Since the foundation of the Irish state, trade unions have had to strategise with successive centre-right Fianna Fáil and Fine Gael governments. Despite the formal association between the Irish Labour Party and some trade unions (the Irish Labour Party was established in 1912 at an Irish trade union congress in Clonmel), it is Fianna Fáil that most trade union members have traditionally voted for. Fianna Fáil, in recognition of this, has historically kept up a close but informal relationship with the trade union movement. This relationship began with Sean Lemass and continued right up through the reign of Bertie Ahern (who was a member of the Workers’ Union of Ireland).

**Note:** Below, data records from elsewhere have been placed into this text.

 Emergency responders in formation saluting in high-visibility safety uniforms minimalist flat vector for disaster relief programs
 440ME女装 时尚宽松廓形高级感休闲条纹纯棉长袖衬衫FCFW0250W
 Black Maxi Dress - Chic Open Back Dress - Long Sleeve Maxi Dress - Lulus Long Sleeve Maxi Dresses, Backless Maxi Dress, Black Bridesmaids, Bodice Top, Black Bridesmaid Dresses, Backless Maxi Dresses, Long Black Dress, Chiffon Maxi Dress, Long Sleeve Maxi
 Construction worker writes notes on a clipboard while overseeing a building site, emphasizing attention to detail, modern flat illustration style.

Irish state involvement in Industrial Relations began with the establishment of the Labour Court in 1946. This remains the cornerstone of our industrial relations system. It has overseen the coordination of wage bargaining since the ‘national agreements’ in the 1960s, the ‘national understandings’ in the 1970s and ‘social partnership agreements’ since 1987. In term of Irish trade unionism, the central question guiding political strategy has been whether they should enter centralised wage bargains (facilitated by centre right governments) at national level or opt for free-for-all bargaining at enterprise level.  The determining factors for this strategy have been economic context, trade union density and the institutional framework of a voluntarist (as opposed to legalist) industrial relations regime.

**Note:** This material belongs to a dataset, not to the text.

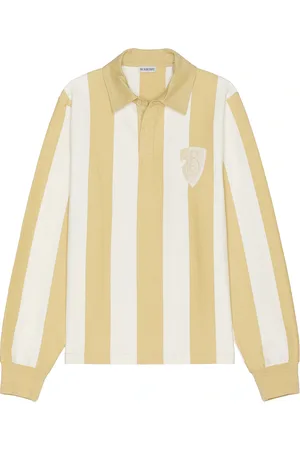 Burberry Panel Rugby Top With B-Shield Embroidery in Cracker - Beige,White. Size L (also in M, S, XL/1X).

It is within this context of strategising over centralised wage bargaining, facilitated by the state, that the future of trade unionism and social partnership must be contextualised. Social partnership was a strategy that enabled trade unions to influence cabinet government in the absence of a strong labour party. But, the bargain was not wage restraint for an increase in the social wage. It was a strategic bargain aimed at increasing the disposable income of trade union members (primarily through reducing income tax).

What is social partnership?

There has always been, and continues to be, a definitional problem with social partnership. Social partnership as a concept is borrowed from the co-determined industrial relations systems of Europe. It implies, and assumes, that the economic players involved are equal in their influence and bargaining power. This is not the case. It is not the co-determination of public policy as witnessed in the economic councils of Netherlands, Slovenia, Finland and Sweden.

Social partnership, in Ireland, means different things to different people. To some it is a system of interest intermediation, a mode of governance, a form of policy making, an industrial relations process or a glorified pay bargain. In practice, it contains an element of all of these. But, for the purpose of this article, I use social partnership to refer to a system of centralised wage bargaining that involves a series of trade offs for the economic actors involved. For trade unions, it is a political strategy that on the one hand gives them direct access to Cabinet government (sometimes influential but predominately consultative) whilst simultaneously negotiating national income agreements with employers and government.

Government and employers have their own rationale for entering national income agreements. Employers are interested in wage restraint and predictability (as is government – the biggest employer in the economy). The purpose of wage restraint, from the employers’ perspective, is to minimise inflation and ensure the profitability of industry. This profitability, the argument goes, enables job creation. More jobs mean more trade union members. Thus, employers and trade unions want job creation and access to the policy making process of government for different reasons.

Prior to the first social partnership agreement in 1987 there was period of free for all wage bargaining (at enterprise level). In this period, trade unions negotiated wage increases of up to 70 percent. However, take home pay decreased by almost 10 percent. This was due to excessive forms of PAYE taxation. Unemployment was soaring and the public finances were in a mess. When Fianna Fáil entered government in 1987 they offered unions a deal that would involve wage restraint (2 percent over three years) in return for a reduction in income tax, as well as active measures to create employment (trade unions were haemorrhaging members).  This led to the first national partnership agreement; the Programme for National Recovery.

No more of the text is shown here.